A few individual politicians change their policy choices depending on which way they believe the wind is blowing (or the policy preferences of campaign donors), and where the most votes are to be had. However, the negative ramifications of being seen as a “flip-flopper” means that these partisan shifts often occur behind the scenes or over a long enough time frame that most voters don’t notice the change. Party platforms and policies can even become mirror opposites over time. In 1971, the Republican president, Richard Nixon, imposed wage and price controls, a profoundly anti-free market policy, and unimaginable in the current Republican Party. While most African Americans are likely to vote Democratic today, in the first half of the twentieth century it was the party of white supremacy, with some Democratic Party state rules expressly prohibiting the participation of Blacks in party primaries.
Downs’s point that policies are tools created to engage in electoral battle, rather than being the goals for which elections are fought, was specific to winner-take-all two party elections systems like that in the US. It is possible that in multi-party systems with proportional representation that parties and candidates actually are engaged in electoral battle in order to implement preferred policies. The Green Parties in various European countries come to mind as parties with a mission. But the steady mutation of various European socialist parties to social democratic goals, and then often ending in policies completely amenable to capitalism, suggests that winning elections indeed does have higher priority than policy. Of course, prioritizing core policy demands versus electoral imperatives can lead to internecine battles within parties (as illustrated by the swings within the UK Labour Party with Tony Blair and Ed Miliband). When I served in office, I frequently heard fellow legislators explain why they couldn’t vote for an amendment they actually liked, saying that they needed to stay in office in order to do good work. Even if true, this is a convenient rationalization for prioritizing winning elections over policy.

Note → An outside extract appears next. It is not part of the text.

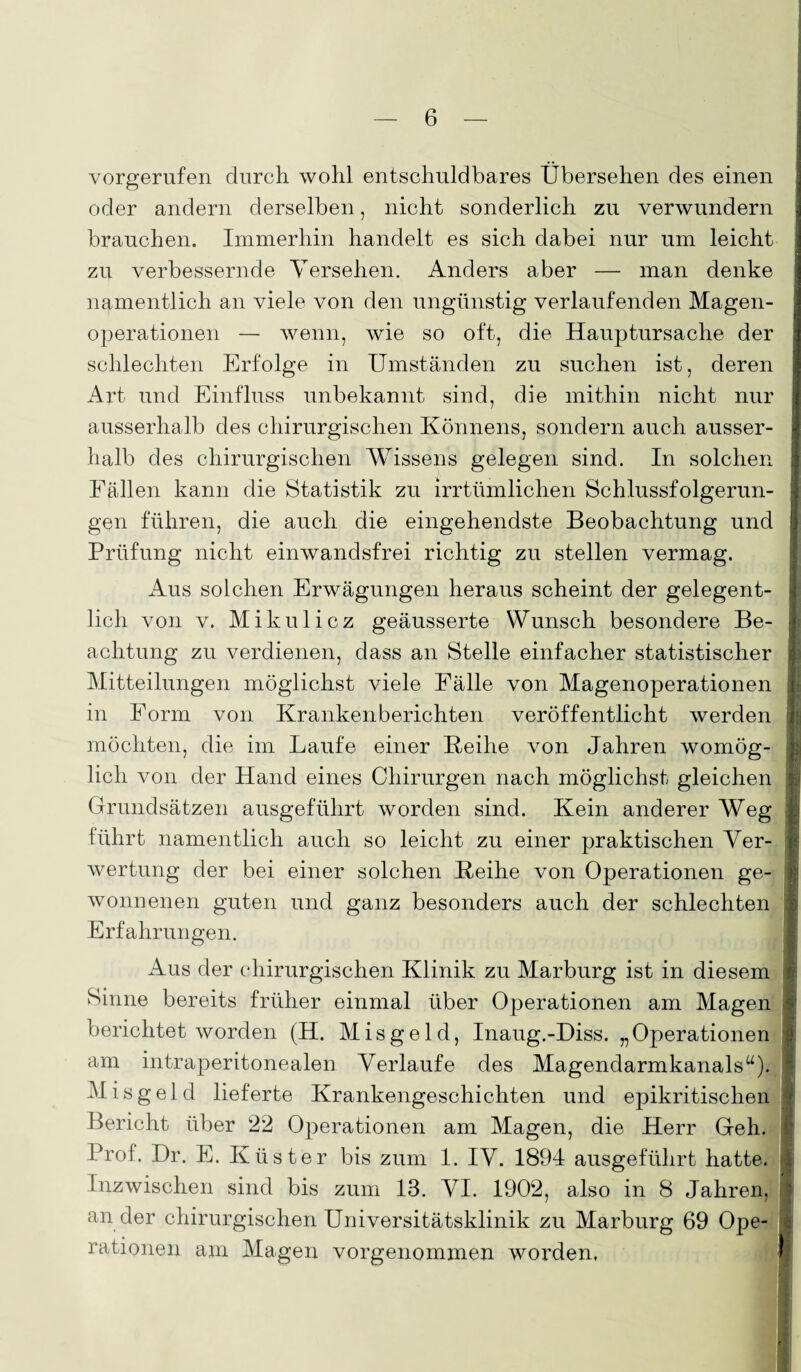 vorgerufen durch wohl entschuldbares Übersehen des einen oder andern derselben, nicht sonderlich zu verwundern brauchen. Immerhin handelt es sich dabei nur um leicht zu verbessernde Versehen. Anders aber — man denke namentlich an viele von den ungünstig verlaufenden Magen¬ operationen — wenn, wie so oft, die Hauptursache der schlechten Erfolge in Umständen zu suchen ist, deren Art und Einfluss unbekannt sind, die mithin nicht nur ausserhalb des chirurgischen Könnens, sondern auch ausser¬ halb des chirurgischen Wissens gelegen sind. In solchen Fällen kann die Statistik zu irrtümlichen Schlussfolgerun¬ gen führen, die auch die eingehendste Beobachtung und Prüfung nicht einwandsfrei richtig zu stellen vermag. Aus solchen Erwägungen heraus scheint der gelegent¬ lich von v. Mikulicz geäusserte Wunsch besondere Be¬ achtung zu verdienen, dass an Stelle einfacher statistischer Mitteilungen möglichst viele Fälle von Magenoperationen in Form von Krankenberichten veröffentlicht werden möchten, die im Laufe einer Beihe von Jahren womög¬ lich von der Hand eines Chirurgen nach möglichst gleichen Grundsätzen ausgeführt worden sind. Kein anderer Weg führt namentlich auch so leicht zu einer praktischen Ver¬ wertung der bei einer solchen Beihe von Operationen ge¬ wonnenen guten und ganz besonders auch der schlechten Erfahrungen. Aus der chirurgischen Klinik zu Marburg ist in diesem Sinne bereits früher einmal über Operationen am Magen berichtet worden (H. Misgeld, Inaug.-Diss. „Operationen j am intraperitonealen Verlaufe des Magendarmkanals“). Misgeld lieferte Krankengeschichten und epikritischen 4 Bericht über 22 Operationen am Magen, die Herr Geh. I Prof. Dr. E. Küster bis zum 1. IV. 1894 ausgeführt hatte. 1 Inzwischen sind bis zum 13. VI. 1902, also in 8 Jahren, * ander chirurgischen Universitätsklinik zu Marburg 69 Ope¬ rationen am Magen vorgenommen worden.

In all modern “representative democracies,” the use of elections has propelled the development of political parties. Parties establish the framework for electoral choices by the voters, mobilize voters and organize governance (or opposition) once the election is over. In multi-party systems with proportional representation voting, it is often the party negotiations after the election where the trade-offs between power and policy are actually settled (without any voter involvement). Most political scientists assert that parties are an inevitable element of electoral systems. In the U.S. political parties have a tiny vanguard of active members (candidates, party officials, fund-raisers and the like), while the mass of citizens have minimal partisan connection, at most exhibiting some level of party identification. Perhaps sixty to seventy percent of Americans have a more or less consistent partisan preference, but this allegiance has historically been shallow and not policy-based. The rise of Donald Trump, fomenting both loyalty and hatred, almost certainly increased the feelings of partisanship. The growing view that supporters of the other party are “enemies of the country '' rather than merely “opponents,” is clearly dangerous. A trend that may accompany this trend, but was less noted by commentators, is increased disdain for politics and public engagement of all sorts.